ところで、こんななりした生物(? あ、妖怪か……妖怪か?)がどっからここまでやって来たのか、その経路とか交通手段とか、滞在時間とかもろもろ気になることはあった。なぜなら、下手をすれば珍獣を密輸しているなどとあらぬ噂を着火してくれそうな近所の眼があるのだ。コスプレという語がゴリ押しできるのはお能登さまと弁天さんくらいで、さすがに時期を先取りしたハロウィンと言っても見過ごしてくれないだろう。とはいえ、こちらから変に言い訳がましいことを言い出せば、どこからボロが出るかしれないし、細心の注意を払い虚実入り混じった答弁をしても、きっと針小棒大に火を起こし、噂の煙を立ち上らせてくれるだろう。よって、沈黙を守ることにした。
そこで結局は本題に戻る。鬼は何をしに来たのか、ということだ。
「はい、言いにくいことですが」
この鬼、図体にしては低い声ではない。掠れてもないし、ガラガラしているわけでもない、けれどオペラ歌手のような美声でもない。人のいいオッチャンの声だった。人ではないが。
鬼は本当に言いにくそうに順々に顔を見つめてから、
「ご協力いただけないでしょうか」
頭を下げた。テーブルに手をついて。今更に爪が伸びているのを見止めた。どんな鑢を使っているのだろう、あるいはネイルサロン的なケアとか。なぜかというと弁天さんがしきりに鬼の爪と自分の爪を見比べているからだ。
「あの、実は」
「断る」
言ったのはどうやら爪の負け組弁天さんだった。そのついでにお茶を飲み干し、お代わりを要求。もちろん俺に。
「弁天様―」
鬼はもう泣きそうである。というか、鬼と弁天さんは面識あるのか。それならば何をいまさら爪の良し悪しを気にすることがあろうか。というよりもあなたが引きこもっている間にも娑婆の時間は流れていたんです。鬼が流行に乗り遅れないよう切磋琢磨したとして、あなたに咎める筋合いがありますか。
「ある。気分が悪い」
ではもう二度と引きこもらないことです。ため息をつきつつ俺はスマホを取り出して、
「弁天さん、ネイルサロン行きますか?」
タップした画面を弁天さんに見せた。
「よかろう。
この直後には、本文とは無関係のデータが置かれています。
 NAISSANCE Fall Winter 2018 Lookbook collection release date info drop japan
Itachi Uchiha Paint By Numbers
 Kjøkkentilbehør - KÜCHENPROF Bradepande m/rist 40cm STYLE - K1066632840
行くのもやぶさかではない~」
上機嫌になった。よって、鬼の話しに戻る。再開を示すため、掌を向けた。
「実は子供が不調で。診てもらえないかと」
それならここではなく病院に行くといい。野草が薬代わりだった時代ではない。CTやMRIでくまなく病巣を発見できる現代だ。専門家が最新鋭の科学的判断をしてくれるだろう。鬼の診断をした経験のあるドクターがどこぞにいるかは知らんけども。
「そういうことではなく、なんと言いましょうか」
鬼は湯飲みを逆さにしてがぶ飲みして、お代わりを求めた。俺も余計なことを言ってしまい、鬼の機嫌を損ねてはどのタイミングでブチキレるかしれない。よって丁重にお代わりを差し出した。
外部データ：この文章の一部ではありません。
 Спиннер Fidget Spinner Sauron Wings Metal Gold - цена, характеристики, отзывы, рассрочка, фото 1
「弁天様が再びお姿を見せてくれるとのこと、しかもそれが人の作為によってなされたと聞き及びました」
なんか悪だくみに巻き込まれた結果、姿をさらすことになった悲劇のヒロインの地位になってないか、弁天さん。そしてその張本人が俺またはお能登さまになってないか。お能登さまに視線を送ってみた。平然と茶を飲み、空の湯飲みを出してきた、当然俺に。ということは鬼には俺たちへの悪意はないと確定していいようだ。